You are viewing a plain text version of this content. The canonical link for it is here.
Posted to commits@mesos.apache.org by ji...@apache.org on 2018/10/28 04:34:43 UTC
[mesos] branch master updated: Created cgroup recursively when calling prepare on containers.

This is an automated email from the ASF dual-hosted git repository.

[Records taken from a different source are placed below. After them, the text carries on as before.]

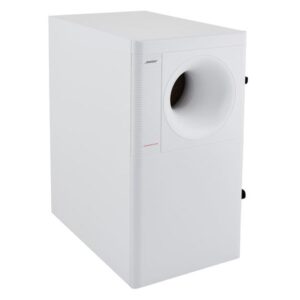 BOSE FreeSpace-3 Surface-Mount Acoustimass Bass Module White Sub Tεμάχιο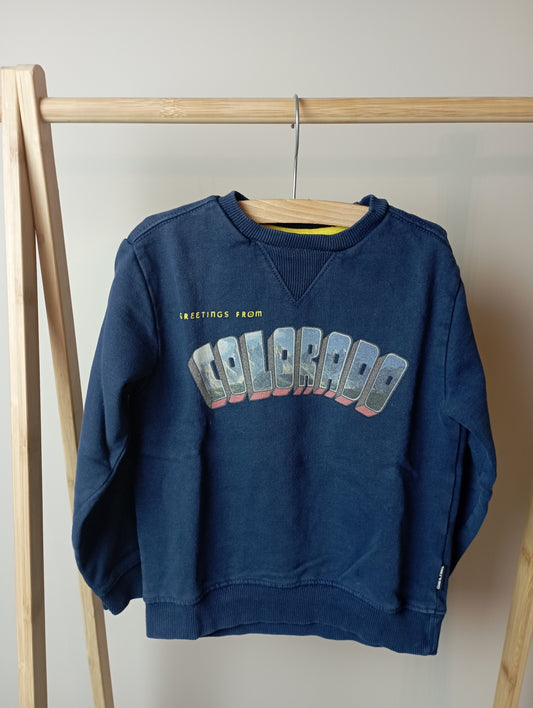 Trui "Greetings from Colorado" 104 Tumble 'n Dry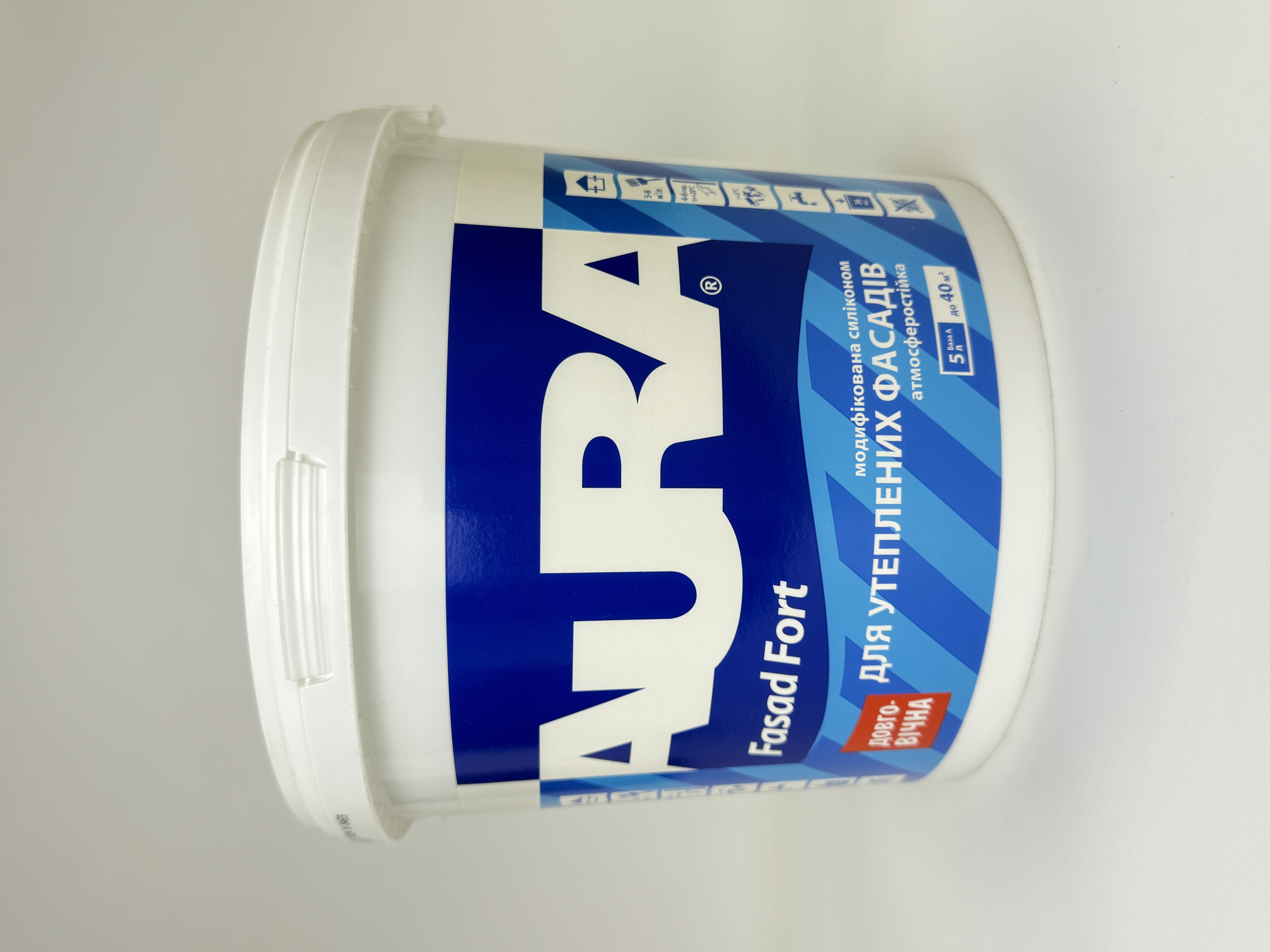 Фарба Fasad Fort 5 л AURA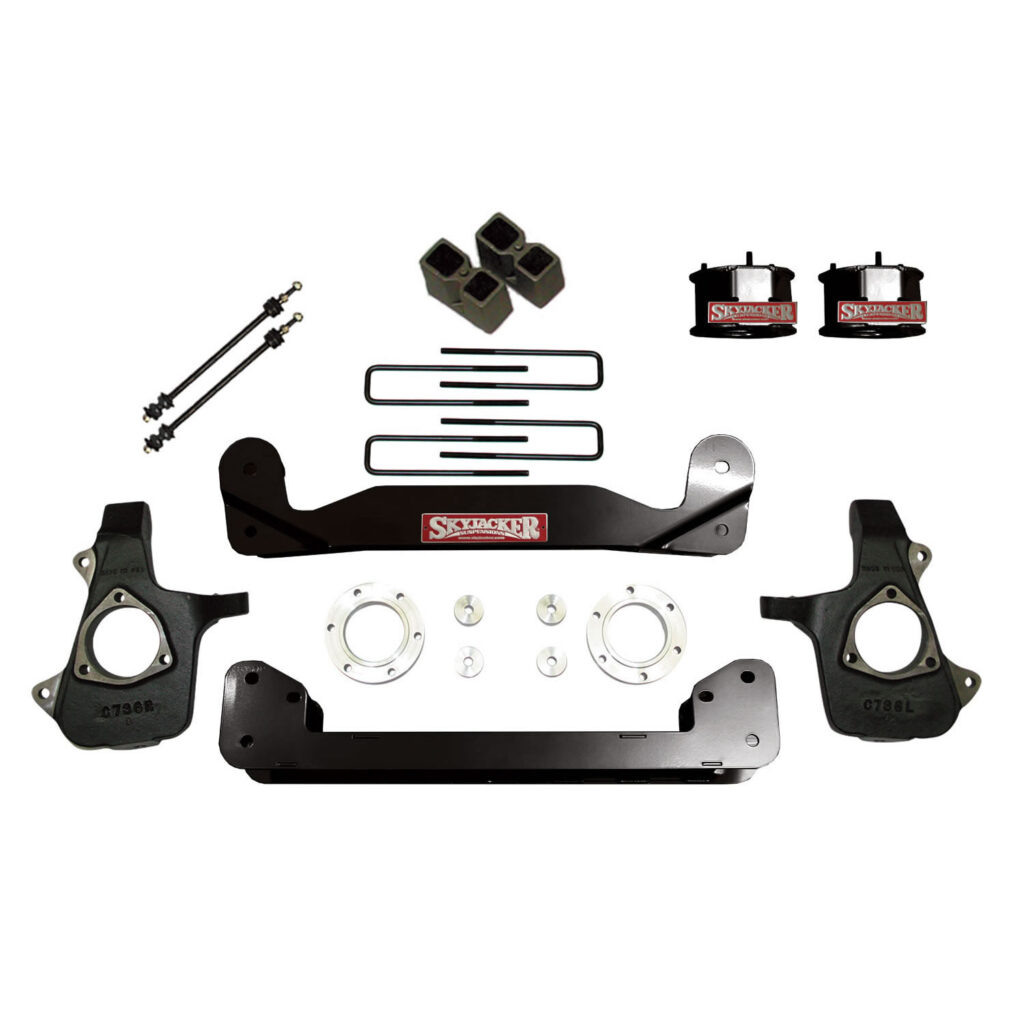 Skyjacker 4" Coils Lift Kit for 14-18 Silverado/Sierra 1500 - C14460APK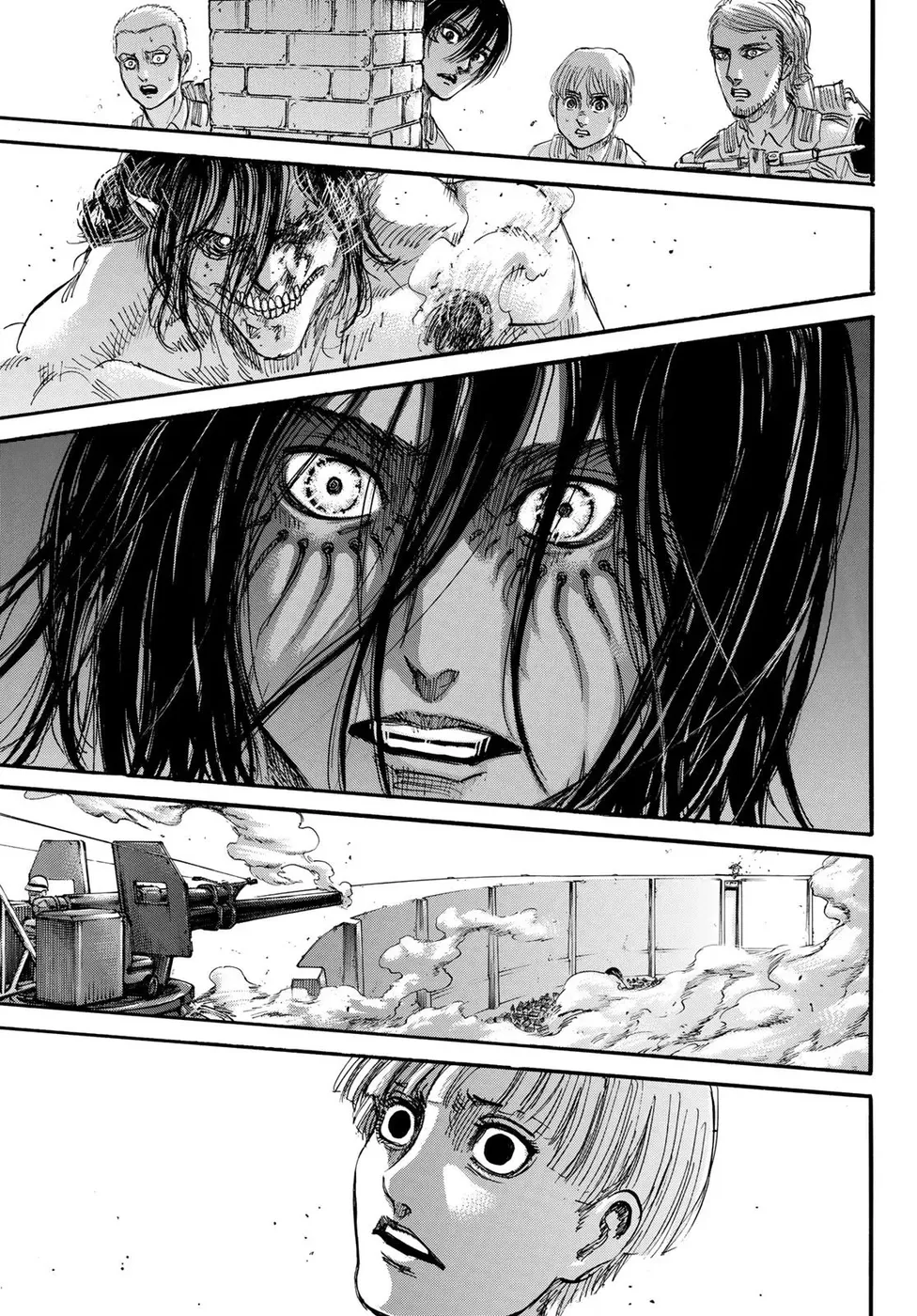 Read Attack on Titan BR Manga Online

jieyu pushed a commit to branch master
in repository https://gitbox.apache.org/repos/asf/mesos.git


The following commit(s) were added to refs/heads/master by this push:
     new e3dc539  Created cgroup recursively when calling prepare on containers.
e3dc539 is described below

commit e3dc53946d999d212f305ddc6bbcc08cd27bd0b6
Author: fei long <ca...@gmail.com>
AuthorDate: Sat Oct 27 21:12:21 2018 -0700

    Created cgroup recursively when calling prepare on containers.
    
    Review: https://reviews.apache.org/r/68986/
---
 .../mesos/isolators/cgroups/cgroups.cpp            |   3 +-
 src/tests/containerizer/cgroups_isolator_tests.cpp | 124 +++++++++++++++++++++
 2 files changed, 126 insertions(+), 1 deletion(-)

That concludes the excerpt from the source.